Proposed regulations address ESBTs with foreign beneficiaries

Apr 19, 2021
Apr 19, 2021
0 min. read

Treasury issued proposed regulations on April 17 to help ensure that S corporation income allocated to an electing small business trust (ESBT) does not escape U.S. federal income taxation when a nonresident alien (NRA) is a potential current beneficiary of the ESBT. The regulations are proposed to be effective retroactive to Jan. 1, 2018.

The problem

The Tax Cuts and Jobs Act of 2017 P.L. 115-97 (TCJA) amended the S corporation eligibility rules to provide that ESBTs could have NRAs as potential current beneficiaries, effective Jan. 1, 2018.  This was a welcome change because: a) it expanded the universe of corporations that could qualify for subchapter S status to include those with trusts as shareholders where NRAs were potential current beneficiaries, and b) it helped ensure that a change in a trust beneficiary’s tax status, for example from resident alien to nonresident alien, would not terminate an existing S corporation’s tax status.

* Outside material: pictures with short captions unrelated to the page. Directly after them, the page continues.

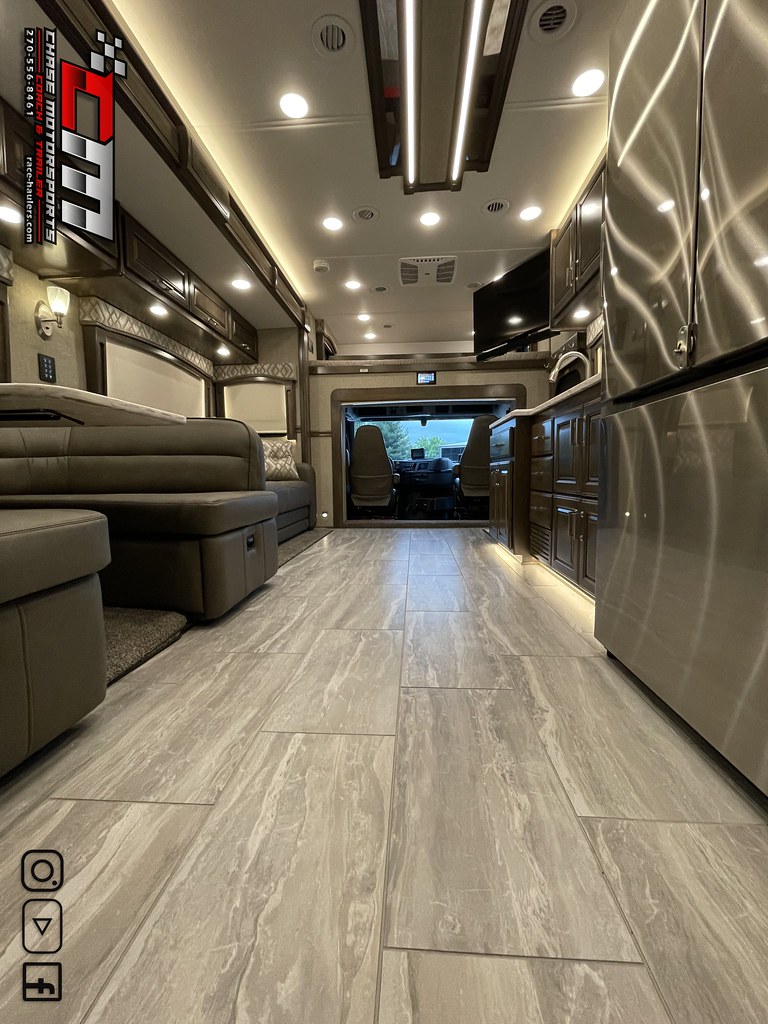 2022renegade45cbf45motorhomewbunks500hpautomaticvo… Flickr
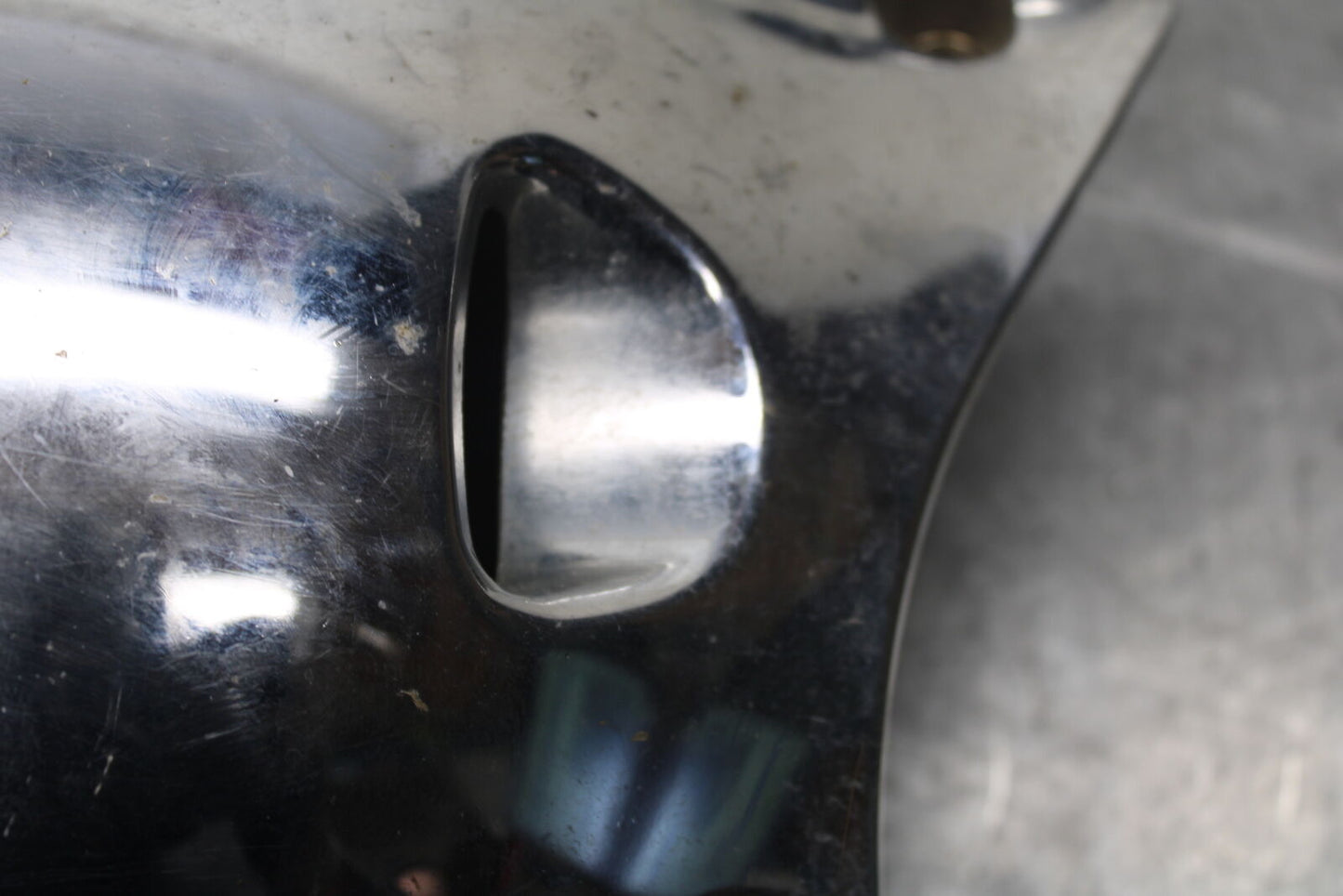 05-09 SUZUKI BOULEVARD C90 ENGINE SPROCKET COVER BB692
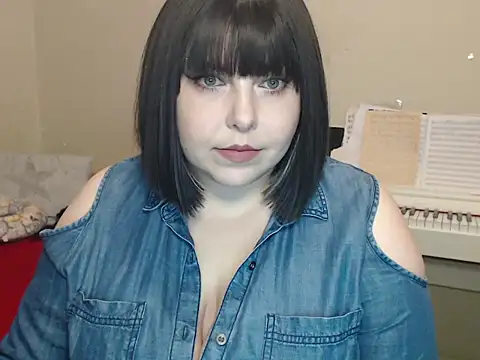 BettyMilla online show from March 19, 2026, 1:55 pm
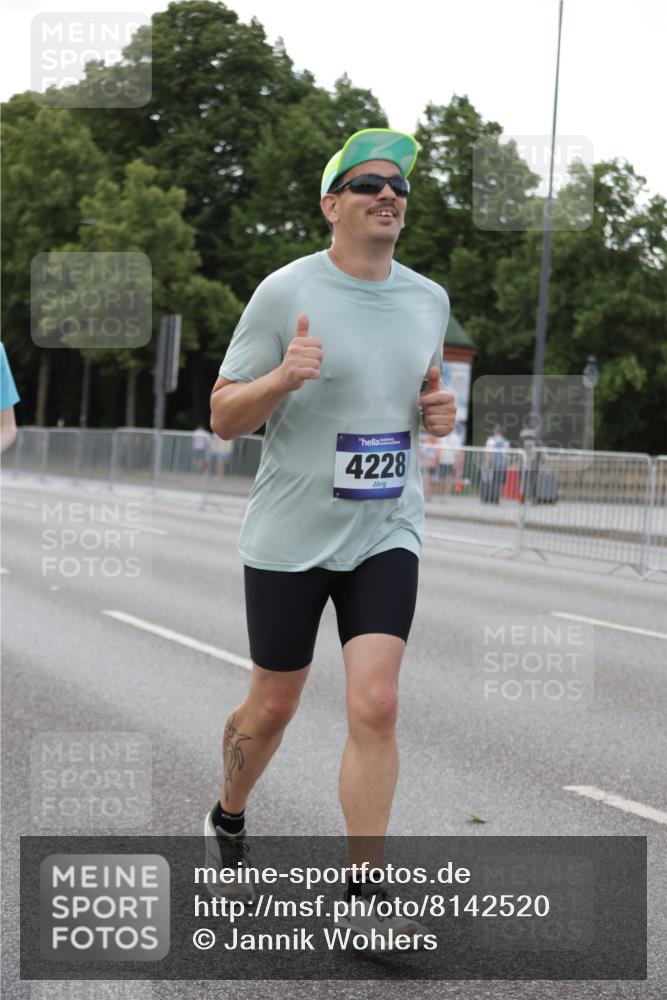 29.06.2025 - hella hamburg halbmarathon Jannik Wohlers http://msf.ph/oto/8142520 29.06.2025 10:07:33 Lombardsbrücke 1079, 1527, 2309, 3328, 4228, 4864, 5100, 5287, 6918, 7760, 9071, 9966, 10703, 11114, 11394, 11641, 12789, 12893, 13458, 15785, 16539, 16809, 16915, 18270, 18531 meine-sportfotos.de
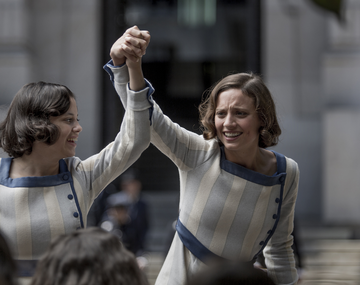 La caótica película española sobre gangsters y anarquistas que está teniendo éxito en la plataforma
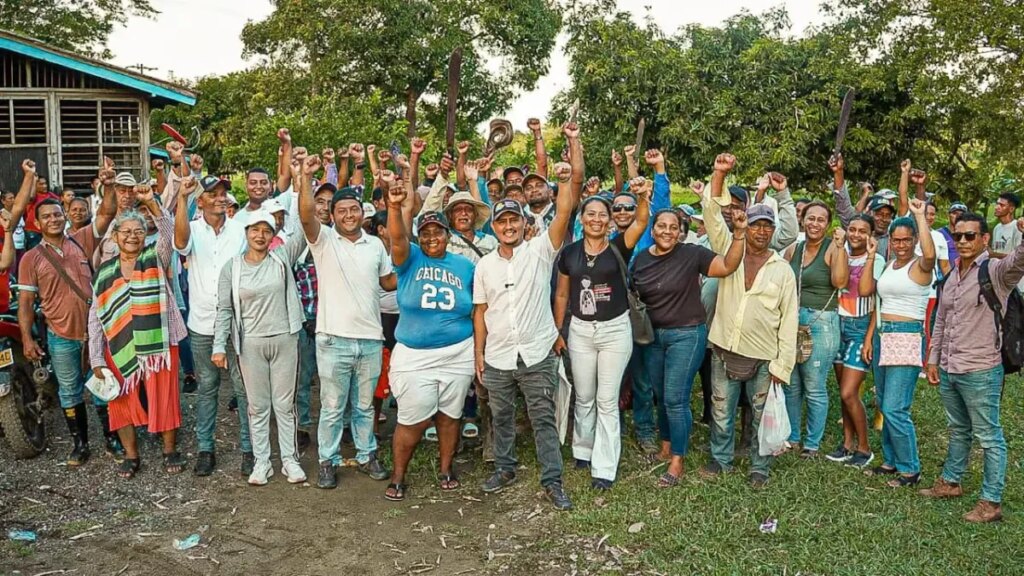 ANT recupera 2.708 hectáreas de tierra en Córdoba que estuvieron en poder de jefes paramilitares y la entrega a familias de campesinos y pescadores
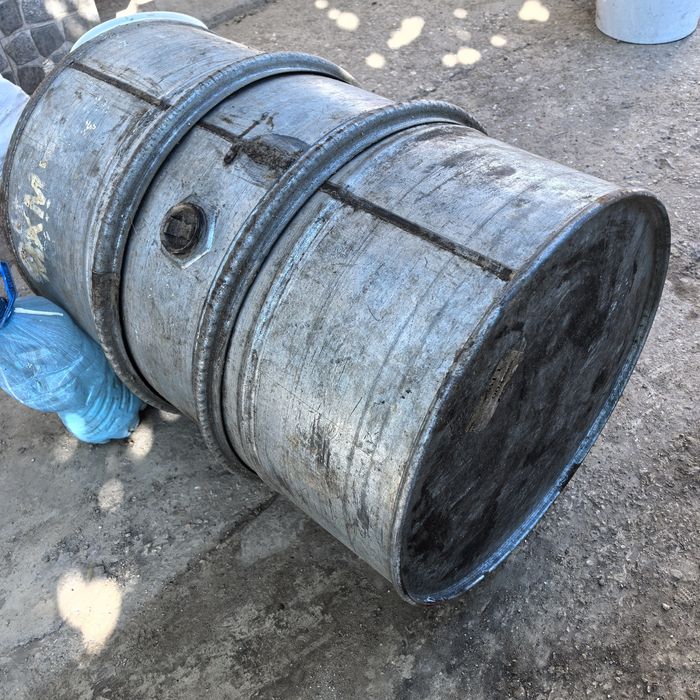 Продавам 200 л варел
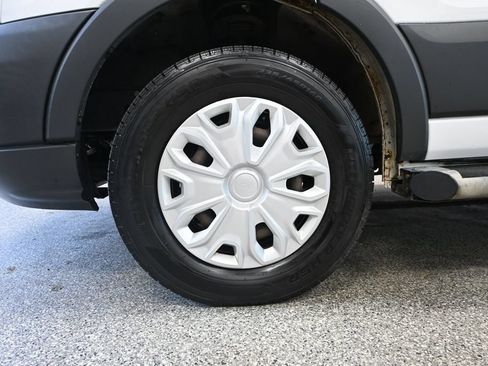 Used 2017 Ford Transit 250 130 Low Roof w/ Exterior Upgrade Package RWD image 11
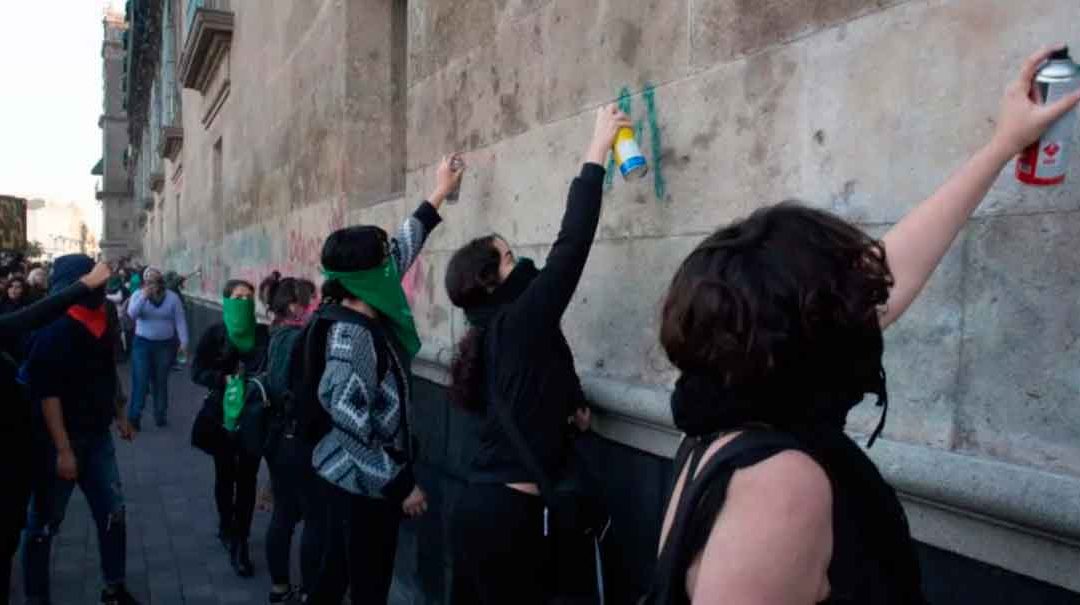 PROTESTA FEMINISTAS EN PALACIO NACIONAL EN CONTRA CANDIDATURA DE FÉLIX SALGADO MACEDONIO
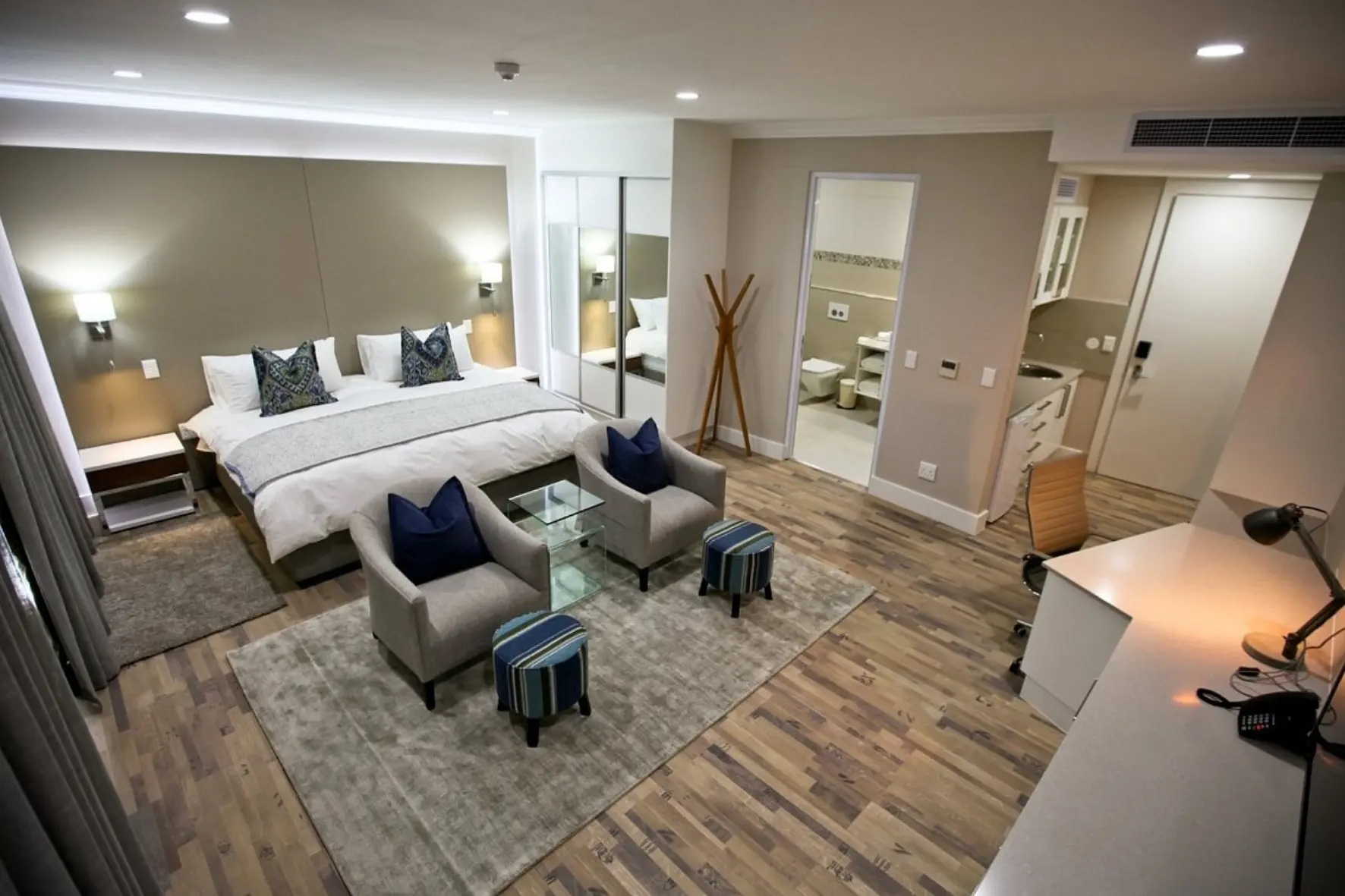 Tenbergen Pension Hotel - Windhoek - Namibia - Namibia Nomads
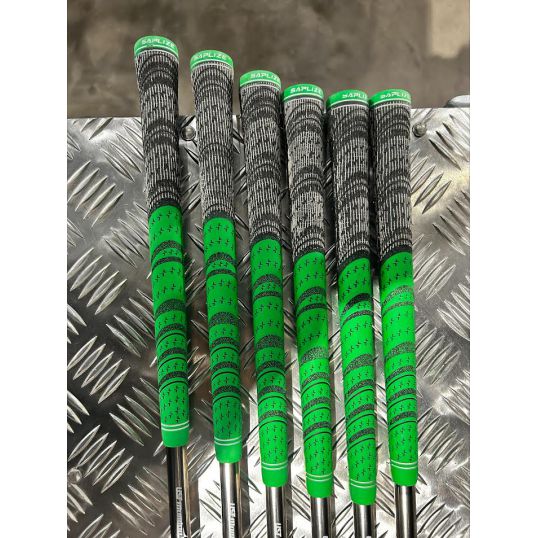 Epic Irons Graphite Shafts Right Regular UST Recoil ES 7-AW+SW Saplize Midsize Green/Grey (Used - 2 Star)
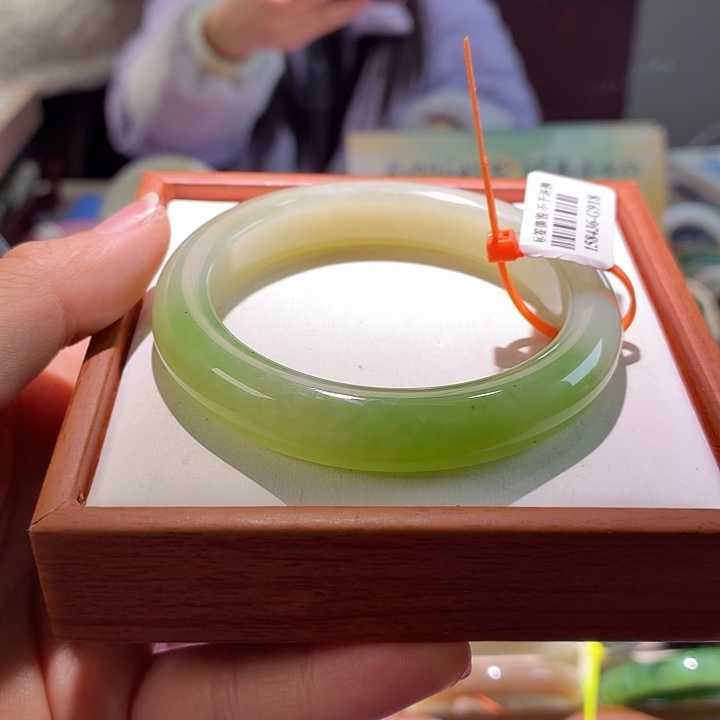 和田玉未镶嵌手镯59 56.57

From Congress’s perspective, the change also appeared to carry little risk of tax leakage because the tax regime applicable to ESBTs typically ensures that the trust – not the beneficiary – pays tax on the S corporation’s income. The problem, however, was that the TCJA did not address that fact that grantor trusts, i.e., trusts where the deemed owner is treated as the owner of the assets, can make ESBT elections.

The fix

The proposed regulations address this issue by requiring in situations where an NRA is a deemed owner of a grantor trust, and the trust makes an ESBT election, that the trust rather than the deemed owner be subject to tax on the S corporation income. These rules would require that the parties effectively ignore the trust’s grantor trust status with respect to its share of S corporation income.